What is Deep Water Culture (DWC)?

Before we get into the nitty gritty details, let’s get a high-level overview of this type of system. In a DWC system, a plant’s roots are suspended in a well-oxygenated solution composed of water and nutrients.

There are three critical parts of this solution:

· Oxygen: Because the roots are submerged in water and not soil (which has gaps and holes where air resides), the water needs to be well oxygenated so the plant doesn’t drown. This is accomplished with an air pump and air stone.

· Water: Think of this system as if you’re growing in soil and permanently watering your plants – this is one of the reasons growing hydroponically is so beneficial – you never need to ‘water’ again.

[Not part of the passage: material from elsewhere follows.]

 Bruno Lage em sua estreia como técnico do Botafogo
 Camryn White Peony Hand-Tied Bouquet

· Nutrients: A good quality soil contains all of the micro and macro nutrients that a plant needs to survive and thrive. Because we have no soil, we need to supplement the oxygen-rich water with nutrients so our plants can grow.

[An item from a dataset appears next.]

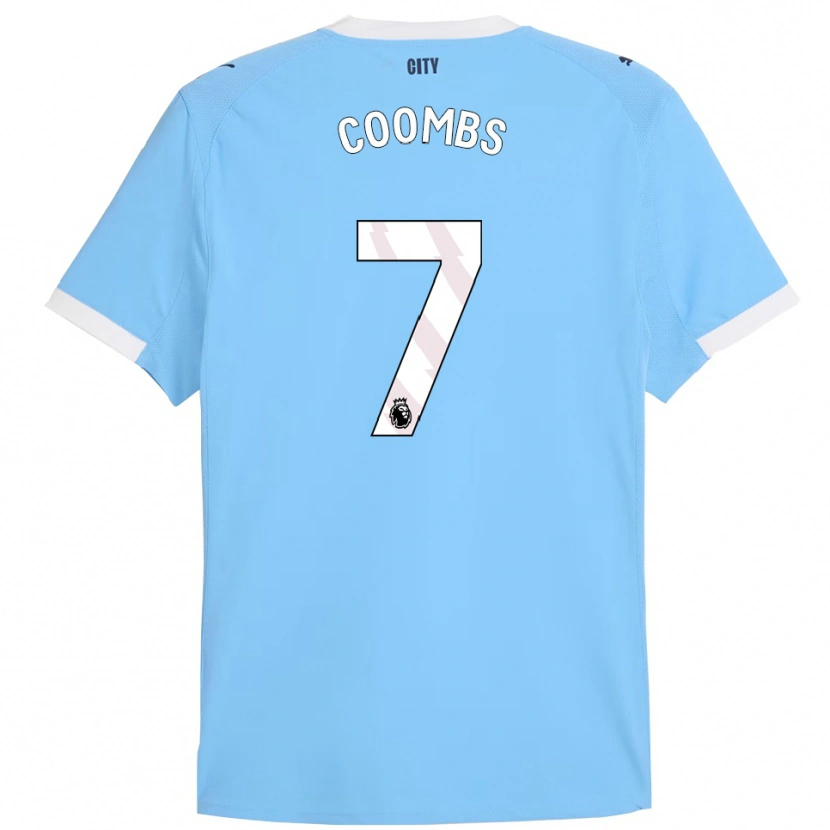 Danxen Hombre Camiseta Laura Coombs #7 Celeste Blanco 1ª Equipación 2025/26 La Camisa México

This method is called Deep Water Culture for two reasons. One, you typically grow with a reservoir that can hold a decent amount of water. More water means more stability in your nutrient solution, which means less monitoring and maintenance for you!

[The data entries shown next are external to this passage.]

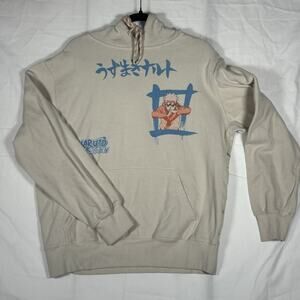 Naruto Shippuden Collection White Hoodie Naruto Anime Large (42/44)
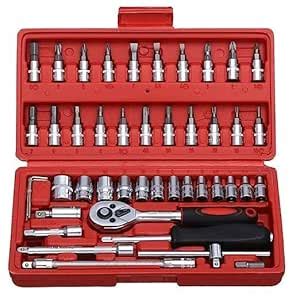 PRITAMA 46 in 1 Pcs Tool Kit & Screwdriver and Socket Set Multi Purpose ...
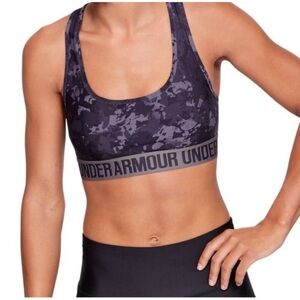 Purple camo cross back non padded sports bra never worn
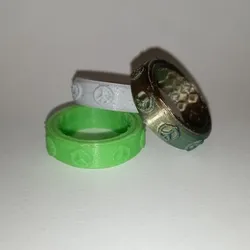 Fidget ring: Peace / Anti-stress ring: Peace ☮ ☮ ☮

The second reason is because of how much of the root mass you submerge in the water. Other methods expose your plant’s root zone to air and drench them in water just a few times a day (ebb and flow systems are a good example of this). In deep water culture, most of your plant’s root system is submerged 24/7 – hence the name!

Benefits of Deep Water Culture

DWC systems are popular for many different reasons, the primary one being that they’re one of the simplest types of systems to start with. The only system that is simpler is a wicking system.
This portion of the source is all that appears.